I wanted to take a minute to talk to you today about one of the most famous quotes in the history of advertising.
As you can probably tell from the title of this post, that quote is David Ogilvy’s famous one-liner, “the more you tell, the more you sell.”
This is a line you hear repeated pretty often in marketing and copywriting blogs, but not one that’s often explained or elaborated on nearly enough. In other words, it’s become somewhat of a cliche.
And That’s A SHAME!
Because the truth is, Ogilvy’s words have never been more relevant than they are today.
We’re living in a time when more and more questionable material is being passed off as “advertising.” I don’t mean questionable in the sense of questionable or manipulative, I mean questionable as in BAD, ineffective, useless.
Here’s a great example, from a company that I (like most people) actually admire quite a bit:
Google is a great company. They make products that have made our lives immeasurably easier. But from a marketing perspective, they could stand to do a little better, and this ad is a perfect illustration of that.
Let’s take a closer look at the ad above, and why it doesn’t work.
First, it’s just ugly. The blue background, the bad animation, the song… Yuck. Aesthetically, this ad doesn’t win any points.

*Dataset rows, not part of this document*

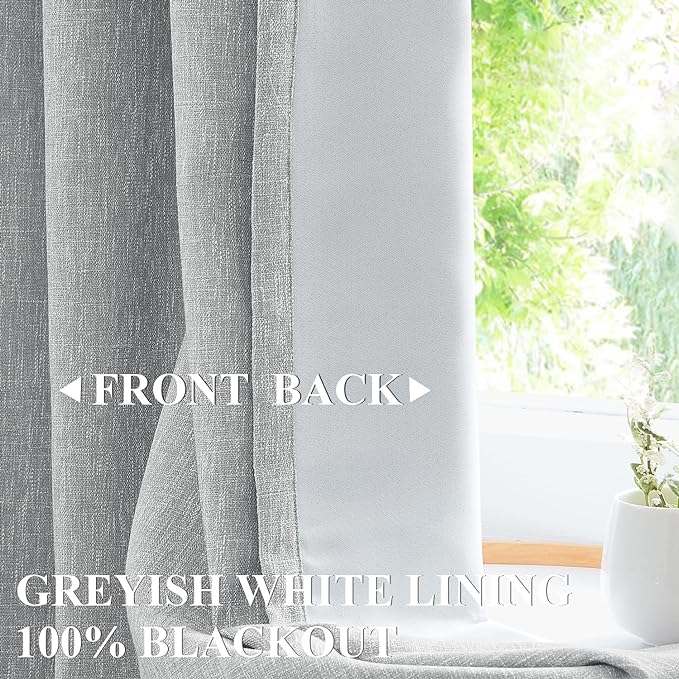 Vision Home Silver Grey Pinch Pleated Full Blackout Curtains Room Darkening Window Curtains 108 inch for Living Room Bedroom Thermal Insulated Pinch Pleat Drapes with Hooks Back Tab 2 Panel 40"Wx108"L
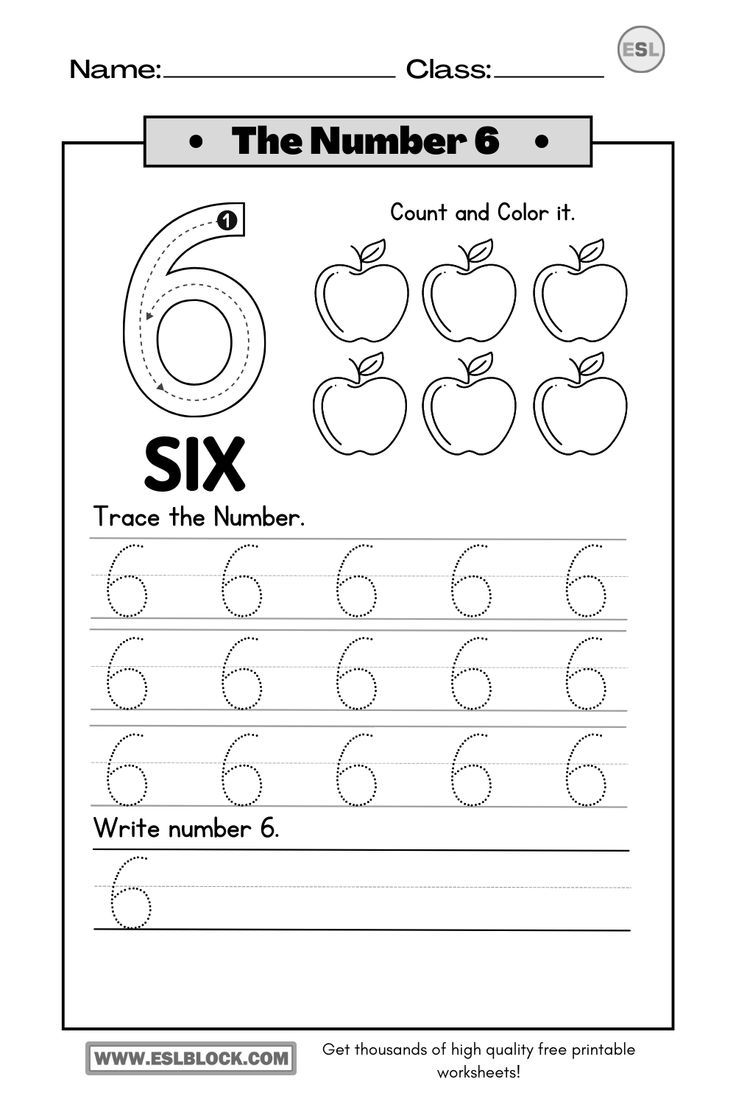 85 Number 6 Worksheet Preschool 85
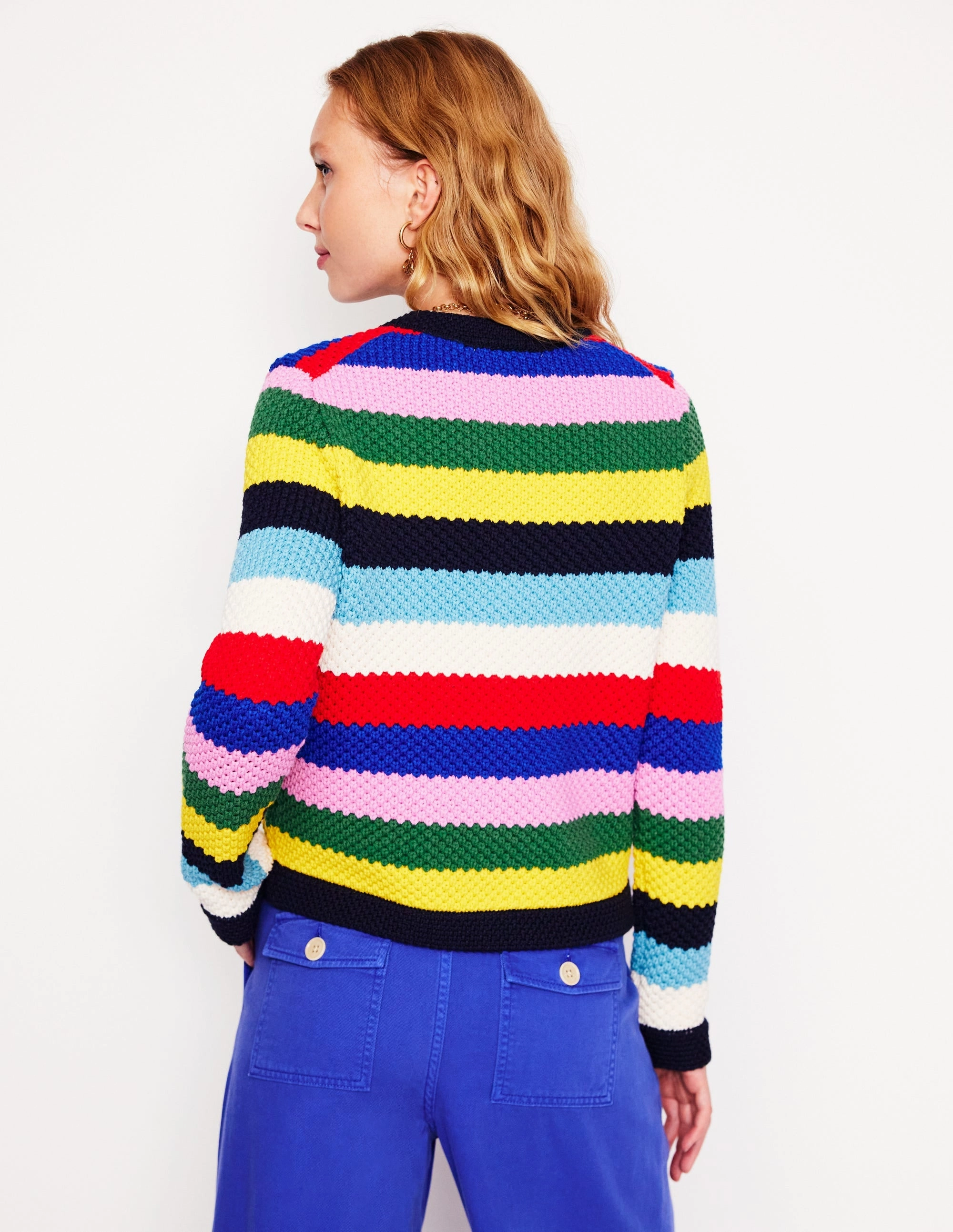 Libby Knitted Jacket-Poppy Red, Blue Multi MultiDirectional Elasticity Lightweight Material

But that’s not even the real issue with this ad. The real problem with it is that it doesn’t say anything. It doesn’t explain any features, convey any benefits, or build any positive associations. In fact, truth be told, it doesn’t do much at all, other than to say “hey guys, Google Chrome exists and on an unrelated note some dude wrote a song about marvellous breadfish. Awesome!”
And You Don’t Need To Look Far For Proof It Ain’t Working
Google is a market leader in TONS of different categories.
They DOMINATE the search engine market with a 67% market share.
They own most of the online advertising market, with at least a 41% market share, more than 10 times that of Facebook.
And if you’ve ever thought that the “smartphone wars” were anything but settled, the numbers tell a different story: with 81% of the global smartphone market, Google has clearly bested Apple in the struggle for supremacy over the handheld procrastination market.
Yet, in spite of Google’s domineering position in many markets, most of the products Google offers under the “Chrome” brand have been nowhere near as successful. While the browser itself holds a leading position in the browser market, Google’s strategy of having Chrome serve as the flagship brand for a future, Google-dominated “online OS” universe is clearly faltering, the Chrome OS currently holding less than 1% of the global operating system market.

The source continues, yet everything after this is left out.